The question lingered in the air about whether the firm was simply in the eye of the storm. Schwartz explained that Bear had been working with Lazard to arrange the facility with JPMorgan, which he hoped “will allow us to achieve the objective of calming down the marketplace and giving us the chance to get some facts out into the marketplace.” Schwartz said Bear would continue working with Lazard on “alternatives”—often banker code for pursuing a sale of the company—“with a focus on ensuring that we can handle and protect our customers well and at the same time maximize shareholder value.” Schwartz then opened up the call to questions and said he looked forward to speaking with everyone again on Monday for the earnings release.

Guy Moszkowski, Merrill Lynch's Wall Street research analyst, asked the executives to explain, if they could, what had led to the liquidity crunch. Was it the failure of overnight lenders in the repo market to offer financing, the withdrawal by hedge funds of the free cash balances from their accounts, or both?
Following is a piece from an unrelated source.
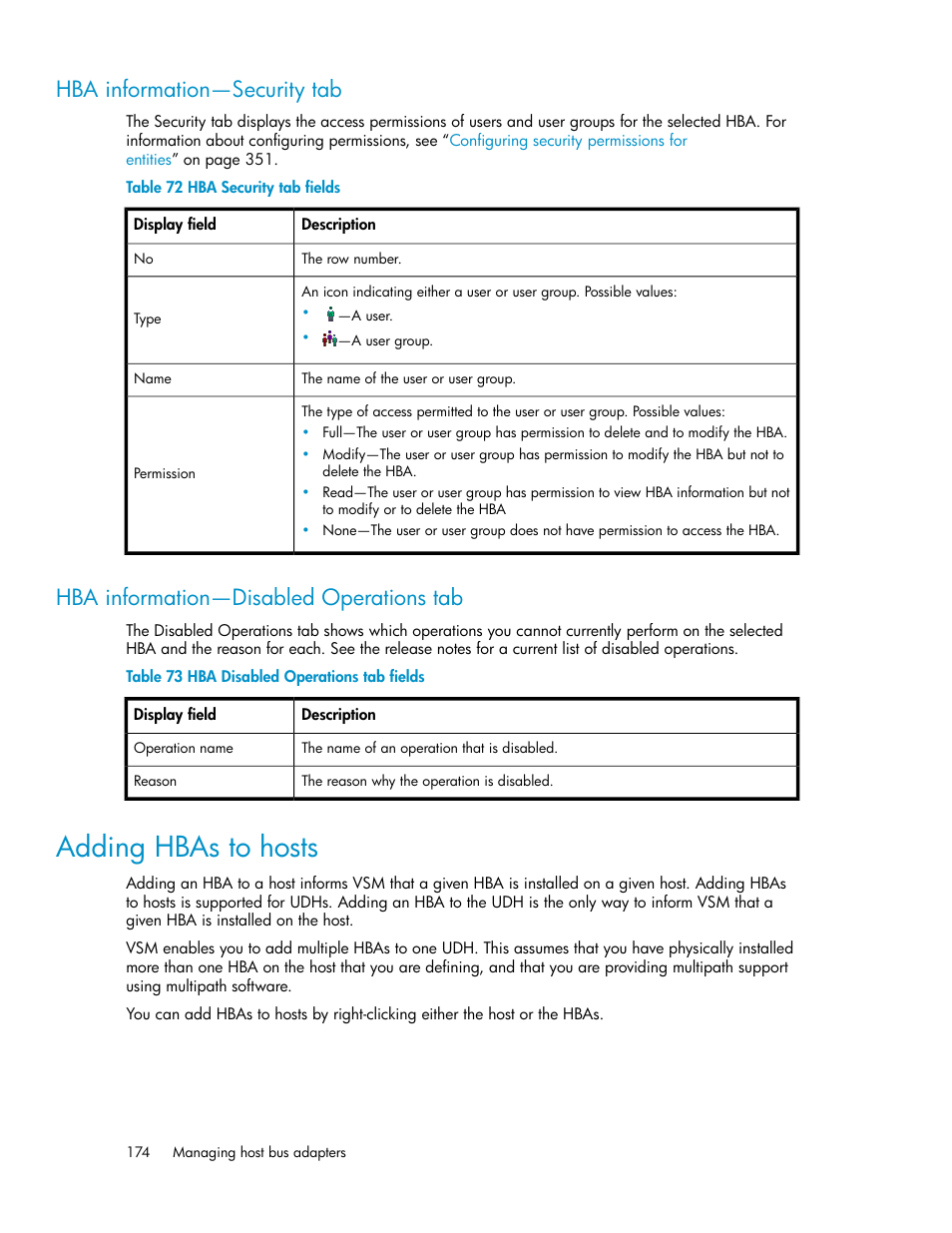 Hba information—security tab, Hba information—disabled operations tab, Adding hbas to hosts | 174 hba information—disabled operations tab, Hba security tab fields, Hba disabled operations tab fields | HP SAN Virtualization Services Platform User Manual | Page 174 / 400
Molinaro responded: “I would say that it's really a combination thereof.”

There was also the not unexpected question, asked by Nick Elfner,
at Wellington Management, about whether Schwartz could share more information about the new credit facility and how it would work. Without getting into the details—probably because he did not know himself— Schwartz tried to provide assurance that the new financing would allow the firm to continue to operate as close to normally as possible. “The facility that we have basically is lending against a lot of collateral that we have, and essentially provides all of the liquidity we're going to need to maintain a regular course of business,” he answered. “We just want to make this point: The reason—one of the reasons, amongst others— that we went to JPMorgan, after thinking about our alternatives, was that JPMorgan is a clearing agent for our collateral. Therefore, it was easy for them to see the kind and quality of the collateral that we had available and therefore could move very, very quickly.” Molinaro elaborated briefly that the new financing would allow Bear Stearns to pledge its collateral and borrow against it. “That is what was really causing the difficulty,” he said.

Before the call ended, Schwartz said he was confident the credit facility would calm down the marketplace and allow Bear Stearns to fashion a more permanent solution. “I think [with] the terms and size, we will be able to convince customers and counterparties that we have the ability to fund ourselves every day, to do business as usual,” he concluded. “But I think, frankly, what this is, is a bridge to a more permanent solution.”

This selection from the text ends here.